UNITED NATIONS (Reuters) - More than 4,000 children a year are being smuggled out of Haiti and forced to work as beggars, farmers and construction workers by adults who keep their wages, according to a new study made public on Monday.
More than 2,000 of these children end up each year in the neighboring Dominican Republic, many of them smuggled across the border at the request of their parents, concluded the report by the U.N. children's fund UNICEF ( news - web sites) and the Geneva-based International Organization for Migration.
"The parents see this as a way of obtaining some additional income through the children's work. Sometimes they use the money to cover school fees and necessary materials after they return," the two international agencies found.
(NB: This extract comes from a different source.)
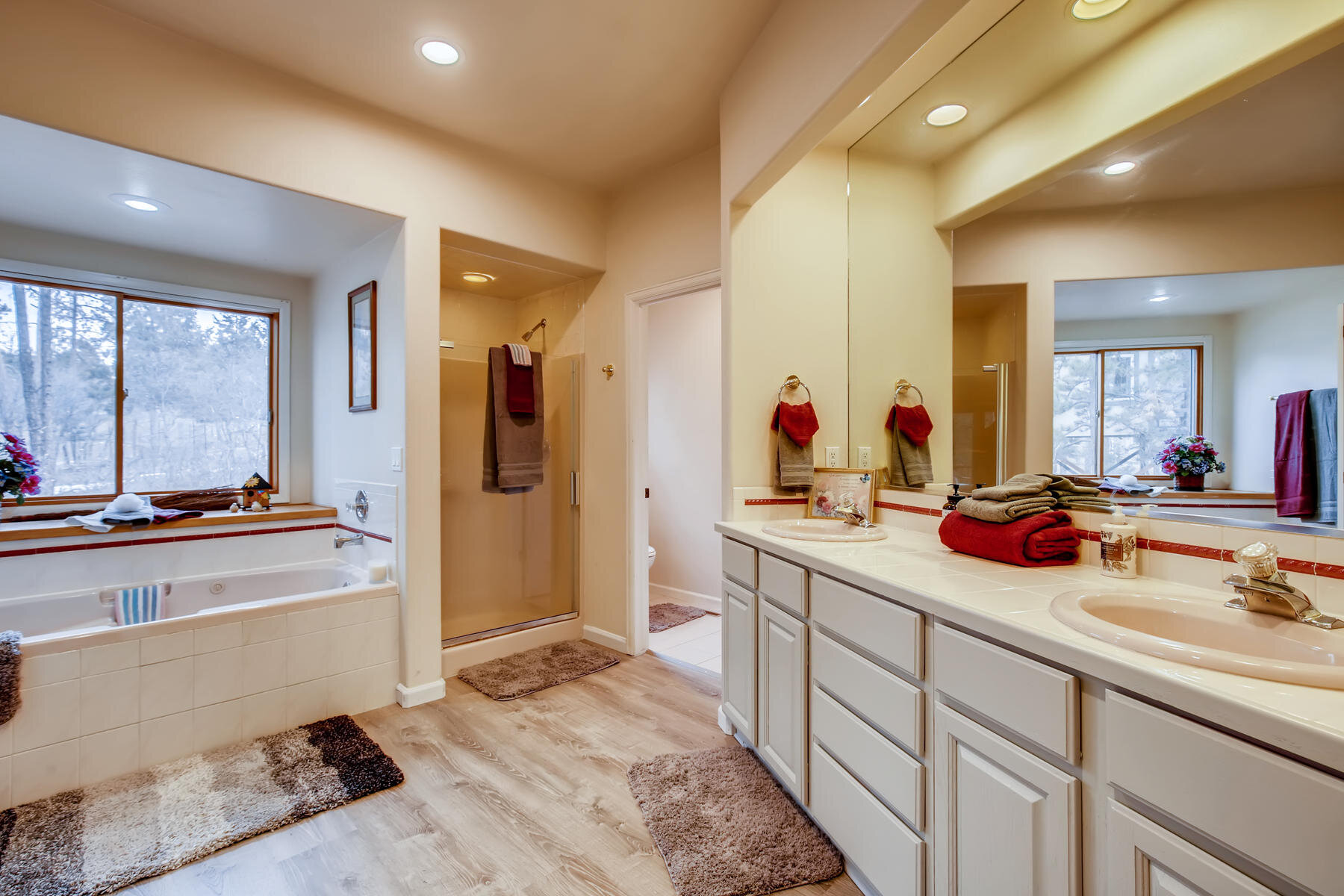 4801 Delaware Dr Larkspur CO-018-012-Master Bathroom-MLS_Size.jpg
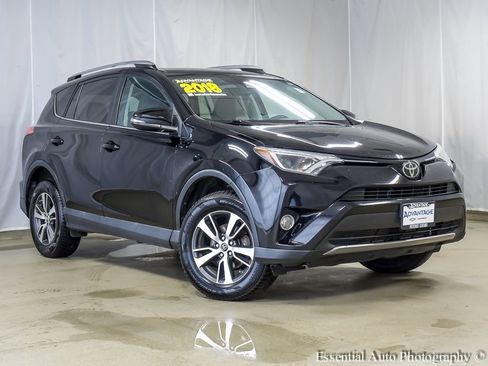 Used 2018 Toyota RAV4 XLE w/ Plus Extra Value Package AWD/4WD image 2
The problem is most prevalent in northern Haiti, the study found. While about half of the children go to the Dominican Republic for three to four months and then return to Haiti to attend school, many of the others end up staying on as low-wage farm workers, it found.
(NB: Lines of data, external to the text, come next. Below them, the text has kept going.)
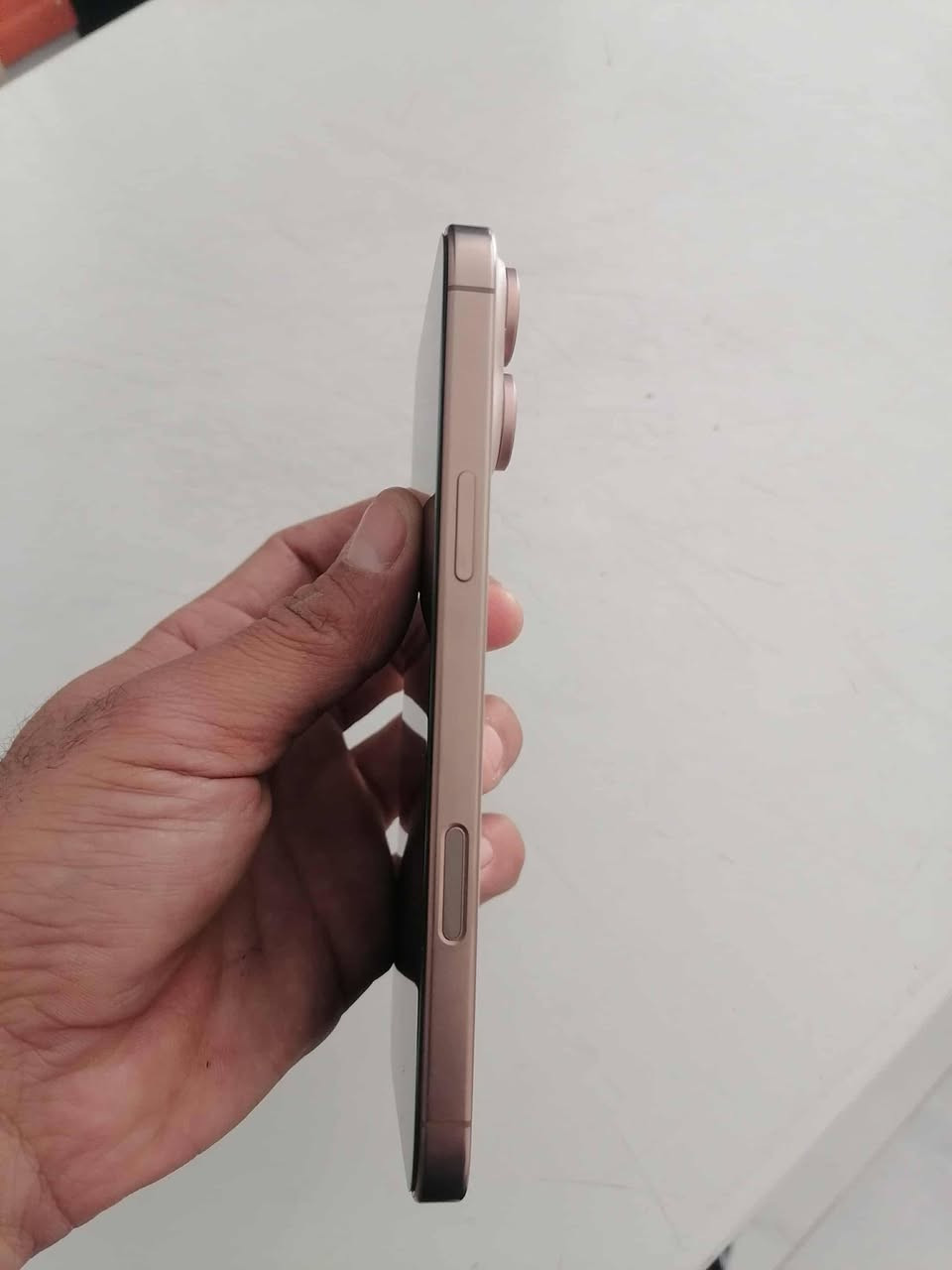 iPhone 16 Pro Max
ماستر عربي شرق اوسط 
جديد بعده بطارية 🔋 100%
عدد الدورات 90
الذاكره 256
ضمان ينتهي شهر السادس
ملحقات كاملة 
السعر مليون 450 
التواصل خاص او ع الرقم ***********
There they live "under extremely precarious conditions, in terms of housing and food, and because of their age and illegal status are prone to physical and verbal abuse," it said.
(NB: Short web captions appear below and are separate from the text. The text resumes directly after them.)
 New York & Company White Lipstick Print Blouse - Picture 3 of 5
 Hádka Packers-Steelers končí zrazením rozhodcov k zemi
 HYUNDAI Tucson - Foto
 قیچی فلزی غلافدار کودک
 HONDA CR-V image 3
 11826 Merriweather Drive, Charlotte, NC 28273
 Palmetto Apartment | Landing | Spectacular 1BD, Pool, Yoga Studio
While laborers have been migrating from Haiti to the Dominican Republic for decades, "the worrying new twist is the trafficking in children," UNICEF official Alec Fyfe said.
"The families see the middlemen doing the smuggling almost as benefactors due to the extreme poverty in Haiti," Fyfe told Reuters.
Parents pay the smugglers $60 to $80 per child to take their children to the Dominican Republic, the study said. The smugglers in turn pay Dominican border guards $1 to $3 per child to sneak them across the border, UNICEF officials said.
The goal of the study was to help Haiti and the Dominican Republic work together to combat the problem. The findings were first presented last week at a workshop in Santiago, Dominican Republic.